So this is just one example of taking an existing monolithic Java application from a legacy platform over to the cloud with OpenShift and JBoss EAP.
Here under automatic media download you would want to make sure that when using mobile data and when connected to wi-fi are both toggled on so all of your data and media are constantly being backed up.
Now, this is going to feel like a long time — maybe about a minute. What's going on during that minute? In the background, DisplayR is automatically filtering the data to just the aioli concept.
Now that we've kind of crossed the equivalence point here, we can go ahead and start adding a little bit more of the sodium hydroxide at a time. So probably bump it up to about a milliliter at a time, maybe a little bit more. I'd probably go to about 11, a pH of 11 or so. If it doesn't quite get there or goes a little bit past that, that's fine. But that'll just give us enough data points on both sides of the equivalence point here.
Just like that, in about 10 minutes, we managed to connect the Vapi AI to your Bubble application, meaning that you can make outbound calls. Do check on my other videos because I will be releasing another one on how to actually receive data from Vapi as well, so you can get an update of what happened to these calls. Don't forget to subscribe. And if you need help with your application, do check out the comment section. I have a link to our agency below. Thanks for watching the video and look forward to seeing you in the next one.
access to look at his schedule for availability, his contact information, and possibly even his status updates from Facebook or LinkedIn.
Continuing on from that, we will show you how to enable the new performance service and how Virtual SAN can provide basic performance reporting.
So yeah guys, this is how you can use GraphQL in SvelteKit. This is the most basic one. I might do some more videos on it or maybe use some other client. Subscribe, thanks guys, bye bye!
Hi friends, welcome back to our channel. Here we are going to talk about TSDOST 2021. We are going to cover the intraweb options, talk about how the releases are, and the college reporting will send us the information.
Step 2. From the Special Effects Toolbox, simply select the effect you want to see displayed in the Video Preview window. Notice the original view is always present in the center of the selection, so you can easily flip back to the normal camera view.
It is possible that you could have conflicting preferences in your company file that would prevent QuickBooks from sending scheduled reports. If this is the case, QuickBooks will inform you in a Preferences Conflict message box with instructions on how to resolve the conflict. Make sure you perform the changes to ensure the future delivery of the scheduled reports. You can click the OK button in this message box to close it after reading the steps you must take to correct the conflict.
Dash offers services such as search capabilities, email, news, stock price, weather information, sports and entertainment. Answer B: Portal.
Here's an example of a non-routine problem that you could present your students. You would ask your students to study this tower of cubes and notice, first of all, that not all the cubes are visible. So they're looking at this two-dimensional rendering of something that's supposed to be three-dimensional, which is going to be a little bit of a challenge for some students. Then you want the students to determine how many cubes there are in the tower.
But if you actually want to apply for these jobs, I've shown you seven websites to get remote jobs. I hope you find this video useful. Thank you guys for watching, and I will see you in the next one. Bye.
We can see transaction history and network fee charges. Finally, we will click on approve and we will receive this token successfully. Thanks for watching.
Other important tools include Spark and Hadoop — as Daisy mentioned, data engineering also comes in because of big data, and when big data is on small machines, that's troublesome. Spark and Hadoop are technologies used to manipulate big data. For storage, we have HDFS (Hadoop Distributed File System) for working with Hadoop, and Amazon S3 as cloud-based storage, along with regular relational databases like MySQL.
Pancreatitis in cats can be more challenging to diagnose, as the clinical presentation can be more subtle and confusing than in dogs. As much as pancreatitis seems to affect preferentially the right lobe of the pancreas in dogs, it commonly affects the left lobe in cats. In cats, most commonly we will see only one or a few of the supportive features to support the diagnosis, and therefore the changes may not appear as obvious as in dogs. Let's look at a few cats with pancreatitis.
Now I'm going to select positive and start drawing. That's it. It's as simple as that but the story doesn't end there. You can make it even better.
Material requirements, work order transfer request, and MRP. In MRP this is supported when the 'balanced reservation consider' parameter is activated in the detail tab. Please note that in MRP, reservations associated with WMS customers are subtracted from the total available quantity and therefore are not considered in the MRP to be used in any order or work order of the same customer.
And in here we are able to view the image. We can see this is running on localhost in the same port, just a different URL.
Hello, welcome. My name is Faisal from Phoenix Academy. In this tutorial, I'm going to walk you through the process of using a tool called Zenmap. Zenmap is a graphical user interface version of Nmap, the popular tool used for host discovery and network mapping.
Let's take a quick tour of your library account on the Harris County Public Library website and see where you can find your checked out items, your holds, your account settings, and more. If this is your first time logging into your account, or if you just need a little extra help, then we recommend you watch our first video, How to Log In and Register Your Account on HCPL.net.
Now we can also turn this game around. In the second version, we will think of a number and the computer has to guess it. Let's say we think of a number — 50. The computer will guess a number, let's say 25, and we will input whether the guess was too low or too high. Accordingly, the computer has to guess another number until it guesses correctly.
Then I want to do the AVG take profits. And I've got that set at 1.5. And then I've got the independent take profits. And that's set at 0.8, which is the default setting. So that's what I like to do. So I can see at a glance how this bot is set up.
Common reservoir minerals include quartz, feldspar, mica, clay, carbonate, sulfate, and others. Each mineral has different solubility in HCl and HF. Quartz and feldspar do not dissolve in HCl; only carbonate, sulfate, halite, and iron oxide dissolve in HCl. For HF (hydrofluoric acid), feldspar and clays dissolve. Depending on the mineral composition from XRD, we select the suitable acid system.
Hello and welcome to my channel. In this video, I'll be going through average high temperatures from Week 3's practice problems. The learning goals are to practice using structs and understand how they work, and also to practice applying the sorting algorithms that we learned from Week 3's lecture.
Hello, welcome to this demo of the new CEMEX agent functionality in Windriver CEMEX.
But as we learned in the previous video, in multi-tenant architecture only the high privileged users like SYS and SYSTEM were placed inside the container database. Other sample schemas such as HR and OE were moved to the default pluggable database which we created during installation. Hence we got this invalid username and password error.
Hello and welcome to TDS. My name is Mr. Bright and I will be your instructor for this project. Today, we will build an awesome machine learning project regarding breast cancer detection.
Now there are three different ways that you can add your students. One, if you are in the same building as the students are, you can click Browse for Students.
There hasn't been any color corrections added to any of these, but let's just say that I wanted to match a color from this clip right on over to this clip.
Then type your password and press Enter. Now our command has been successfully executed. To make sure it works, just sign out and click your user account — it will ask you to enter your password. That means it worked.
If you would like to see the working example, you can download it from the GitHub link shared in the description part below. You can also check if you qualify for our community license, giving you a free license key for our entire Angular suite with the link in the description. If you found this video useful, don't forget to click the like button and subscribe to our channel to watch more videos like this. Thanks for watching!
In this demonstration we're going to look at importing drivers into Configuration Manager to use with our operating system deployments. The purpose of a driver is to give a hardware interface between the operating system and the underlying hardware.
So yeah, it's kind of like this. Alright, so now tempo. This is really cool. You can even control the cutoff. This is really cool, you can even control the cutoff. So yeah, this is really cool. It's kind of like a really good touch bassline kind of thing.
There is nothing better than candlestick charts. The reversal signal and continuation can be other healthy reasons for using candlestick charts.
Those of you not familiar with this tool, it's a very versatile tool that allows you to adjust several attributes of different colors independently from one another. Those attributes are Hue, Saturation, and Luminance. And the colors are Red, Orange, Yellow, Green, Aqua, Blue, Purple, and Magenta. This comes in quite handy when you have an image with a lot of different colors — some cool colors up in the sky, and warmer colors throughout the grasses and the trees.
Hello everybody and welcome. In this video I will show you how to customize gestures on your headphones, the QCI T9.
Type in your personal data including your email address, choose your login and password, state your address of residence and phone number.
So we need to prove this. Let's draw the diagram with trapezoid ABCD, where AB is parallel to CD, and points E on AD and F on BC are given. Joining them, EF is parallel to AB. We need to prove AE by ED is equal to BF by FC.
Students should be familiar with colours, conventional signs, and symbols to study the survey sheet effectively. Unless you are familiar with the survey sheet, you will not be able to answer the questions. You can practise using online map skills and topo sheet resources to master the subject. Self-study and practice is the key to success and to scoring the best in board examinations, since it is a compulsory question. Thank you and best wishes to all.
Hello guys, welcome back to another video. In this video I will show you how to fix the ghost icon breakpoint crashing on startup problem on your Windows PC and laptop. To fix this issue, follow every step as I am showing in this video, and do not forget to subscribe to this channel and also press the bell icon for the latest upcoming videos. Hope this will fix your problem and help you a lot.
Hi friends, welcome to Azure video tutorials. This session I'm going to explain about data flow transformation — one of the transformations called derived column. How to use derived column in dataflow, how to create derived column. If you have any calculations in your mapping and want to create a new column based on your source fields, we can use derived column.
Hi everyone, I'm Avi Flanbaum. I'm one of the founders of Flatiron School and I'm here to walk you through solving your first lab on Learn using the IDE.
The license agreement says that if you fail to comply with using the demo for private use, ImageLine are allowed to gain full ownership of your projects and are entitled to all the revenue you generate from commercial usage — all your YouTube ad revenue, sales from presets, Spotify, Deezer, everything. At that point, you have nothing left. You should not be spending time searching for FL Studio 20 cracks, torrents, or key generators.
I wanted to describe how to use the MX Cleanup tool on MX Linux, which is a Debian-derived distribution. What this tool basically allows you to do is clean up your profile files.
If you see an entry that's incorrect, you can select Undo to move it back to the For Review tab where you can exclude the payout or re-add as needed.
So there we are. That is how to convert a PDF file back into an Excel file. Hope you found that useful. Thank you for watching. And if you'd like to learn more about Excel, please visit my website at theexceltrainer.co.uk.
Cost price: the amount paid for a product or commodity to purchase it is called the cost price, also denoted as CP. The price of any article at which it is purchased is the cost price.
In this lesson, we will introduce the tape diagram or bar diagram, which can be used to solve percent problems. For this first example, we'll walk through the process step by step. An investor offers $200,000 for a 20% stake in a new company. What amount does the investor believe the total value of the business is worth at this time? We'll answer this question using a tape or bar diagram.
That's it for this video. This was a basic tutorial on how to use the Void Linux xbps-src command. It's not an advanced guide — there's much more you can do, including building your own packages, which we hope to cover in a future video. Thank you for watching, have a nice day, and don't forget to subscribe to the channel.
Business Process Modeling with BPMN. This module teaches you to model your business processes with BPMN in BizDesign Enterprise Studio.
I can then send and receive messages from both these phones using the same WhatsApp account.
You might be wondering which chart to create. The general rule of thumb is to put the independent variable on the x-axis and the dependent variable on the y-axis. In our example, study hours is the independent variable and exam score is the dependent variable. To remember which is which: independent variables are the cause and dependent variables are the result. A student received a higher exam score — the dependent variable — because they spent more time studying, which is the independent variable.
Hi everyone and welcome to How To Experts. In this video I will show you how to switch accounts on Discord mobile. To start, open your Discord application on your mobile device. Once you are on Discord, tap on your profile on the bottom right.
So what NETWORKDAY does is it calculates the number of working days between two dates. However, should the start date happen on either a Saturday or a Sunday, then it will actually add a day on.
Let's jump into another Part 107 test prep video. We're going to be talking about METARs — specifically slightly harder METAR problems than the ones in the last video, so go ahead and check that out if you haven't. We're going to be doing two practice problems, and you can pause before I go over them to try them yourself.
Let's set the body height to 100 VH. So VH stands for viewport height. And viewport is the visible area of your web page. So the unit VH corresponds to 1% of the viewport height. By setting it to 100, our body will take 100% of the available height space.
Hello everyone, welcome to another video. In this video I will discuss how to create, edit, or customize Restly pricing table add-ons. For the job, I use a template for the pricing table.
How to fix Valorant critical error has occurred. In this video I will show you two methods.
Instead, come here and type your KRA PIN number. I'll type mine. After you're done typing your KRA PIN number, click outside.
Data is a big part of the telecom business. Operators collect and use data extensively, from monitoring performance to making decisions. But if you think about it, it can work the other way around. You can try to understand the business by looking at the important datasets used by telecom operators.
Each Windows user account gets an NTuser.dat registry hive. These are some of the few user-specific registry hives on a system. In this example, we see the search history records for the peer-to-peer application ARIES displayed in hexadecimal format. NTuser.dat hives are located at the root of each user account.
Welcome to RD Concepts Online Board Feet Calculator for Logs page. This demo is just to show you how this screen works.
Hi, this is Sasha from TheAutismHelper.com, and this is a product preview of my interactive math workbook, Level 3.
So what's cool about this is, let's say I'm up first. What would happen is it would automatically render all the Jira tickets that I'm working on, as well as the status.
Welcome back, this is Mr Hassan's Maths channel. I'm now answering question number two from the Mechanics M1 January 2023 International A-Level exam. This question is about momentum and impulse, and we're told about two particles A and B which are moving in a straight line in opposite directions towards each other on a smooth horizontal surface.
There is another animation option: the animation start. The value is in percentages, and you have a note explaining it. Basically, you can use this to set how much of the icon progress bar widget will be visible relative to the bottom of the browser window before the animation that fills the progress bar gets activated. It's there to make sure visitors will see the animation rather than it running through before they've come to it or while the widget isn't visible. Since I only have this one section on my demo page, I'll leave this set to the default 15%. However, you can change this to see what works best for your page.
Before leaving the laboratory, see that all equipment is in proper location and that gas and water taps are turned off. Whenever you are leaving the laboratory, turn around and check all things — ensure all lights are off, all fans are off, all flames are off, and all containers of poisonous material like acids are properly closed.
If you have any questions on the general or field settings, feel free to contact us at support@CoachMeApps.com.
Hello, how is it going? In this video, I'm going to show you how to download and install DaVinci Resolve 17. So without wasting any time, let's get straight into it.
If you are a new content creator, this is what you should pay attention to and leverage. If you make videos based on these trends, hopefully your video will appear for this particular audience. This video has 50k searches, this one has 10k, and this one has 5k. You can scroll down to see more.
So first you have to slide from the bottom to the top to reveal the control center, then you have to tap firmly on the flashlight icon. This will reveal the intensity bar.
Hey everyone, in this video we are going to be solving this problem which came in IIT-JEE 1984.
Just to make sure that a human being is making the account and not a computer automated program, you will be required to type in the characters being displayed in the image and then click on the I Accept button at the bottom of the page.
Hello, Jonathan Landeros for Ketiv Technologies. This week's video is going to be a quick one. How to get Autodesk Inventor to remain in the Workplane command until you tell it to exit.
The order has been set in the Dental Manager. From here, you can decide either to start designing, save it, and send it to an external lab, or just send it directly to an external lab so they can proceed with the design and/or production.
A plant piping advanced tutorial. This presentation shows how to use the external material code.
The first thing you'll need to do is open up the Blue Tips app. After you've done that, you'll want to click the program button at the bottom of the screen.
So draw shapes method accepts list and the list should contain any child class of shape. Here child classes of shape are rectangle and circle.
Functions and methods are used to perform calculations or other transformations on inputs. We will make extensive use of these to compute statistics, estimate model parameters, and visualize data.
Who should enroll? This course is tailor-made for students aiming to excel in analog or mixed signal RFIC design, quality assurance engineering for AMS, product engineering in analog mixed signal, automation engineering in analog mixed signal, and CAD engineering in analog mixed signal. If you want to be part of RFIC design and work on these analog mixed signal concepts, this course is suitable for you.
☆ ☆ ☆ ☆
**What you will do:** Above are the entries. Output exactly the lines beginning with the line that has "Hi friends, welcome back" and ending with the line that has "Step 2. From".

**Answer box:**
Hi friends, welcome back to our channel. Here we are going to talk about TSDOST 2021. We are going to cover the intraweb options, talk about how the releases are, and the college reporting will send us the information.
Step 2. From the Special Effects Toolbox, simply select the effect you want to see displayed in the Video Preview window. Notice the original view is always present in the center of the selection, so you can easily flip back to the normal camera view.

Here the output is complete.